This Sunday, The Weeknd will perform his distinctly dark brand of pop at the Super Bowl halftime show. On the surface, the alter-ego of Abel Tesfaye is a strange pick for the ostensibly family-friendly main-stage — for more than a decade, The Weeknd has fused the sounds of pop, R&B, and trap into a cinematic horror-thriller about drugs, sex and the excess of fame. While his sheer volume of Hot 100 hits have rightly earned him mainstream status, even his most commercial material is hardly PG — the 2015 hit “Can’t Feel My Face” is an 80s throwback laced with on-the-nose cocaine metaphors.
But over the last year his subversive image has been rewritten by the song “Blinding Lights,” from his 2020 album After Hours. The song vaulted up the charts in March 2020, supported by a viral TikTok challenge: Using the song’s opening instrumental as inspiration, countless families performed the dance together while sheltering in place.
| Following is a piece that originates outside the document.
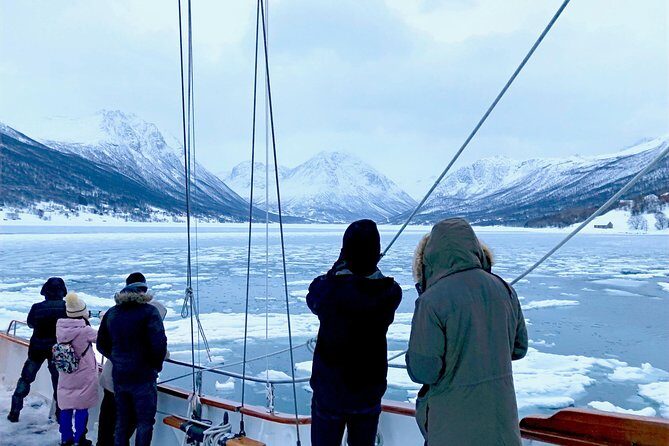 Tromso Luxury Sailing Yacht Polar Fjord Cruise with Lunch - Wildlife spotting: how to use the cruise to see seals and more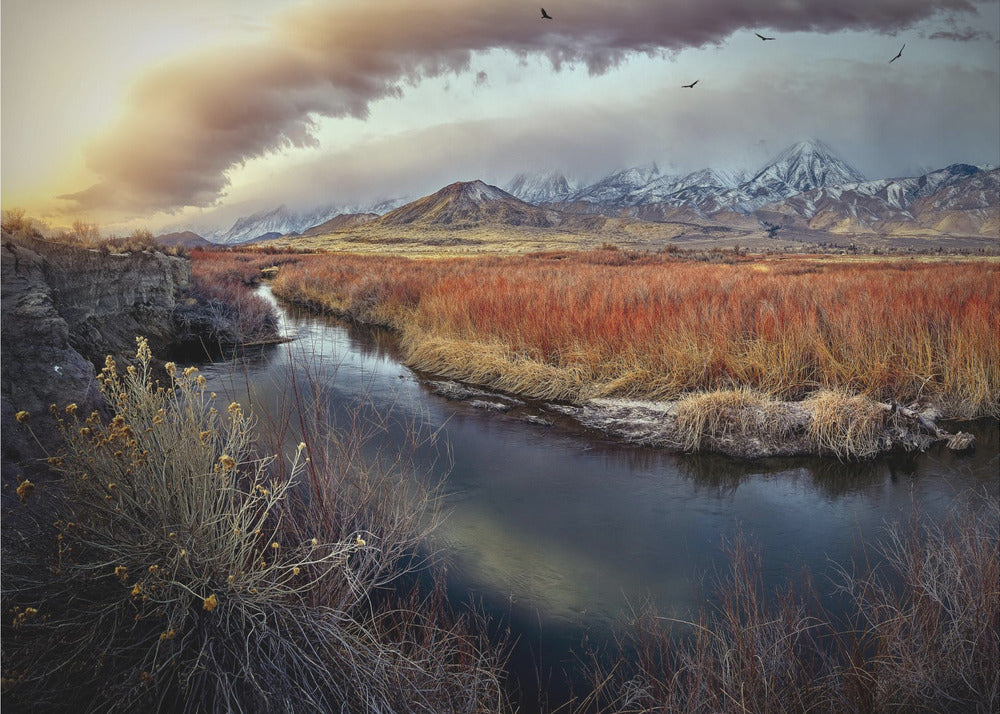 Owens River at Sunrise | Poster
Since then, seemingly every radio format, adult contemporary included, has played this song on repeat, making it the longest running song in the Hot 100 top five and top ten (given the songs success, The Weeknd is justly aggrieved by the Grammy’s recent snub).
On Switched on Pop’s first episode as part of Vulture, we break down how “Blinding Lights” blends lyrical relatability with musical familiarity, earning The Weeknd the biggest and perhaps most misunderstood hit of his career.
Songs Discussed
The Weeknd - Blinding Lights
Michael Sembello - Maniac
a-ha - Take on Me
Bruce Springsteen - Blinded By The Light
Manfred Mann's Earth Band - Blinded By The Light
The Weeknd - Can't Feel My Face
The Weeknd - Faith
The Weeknd - In Your Eyes
The Weeknd - Save Your Tears
The Weeknd - Until I Bleed Out
More
Read Chris Molanphy's "Why the Weeknd’s “Blinding Lights” Is the First Chart Topper of the Coronavirus Era"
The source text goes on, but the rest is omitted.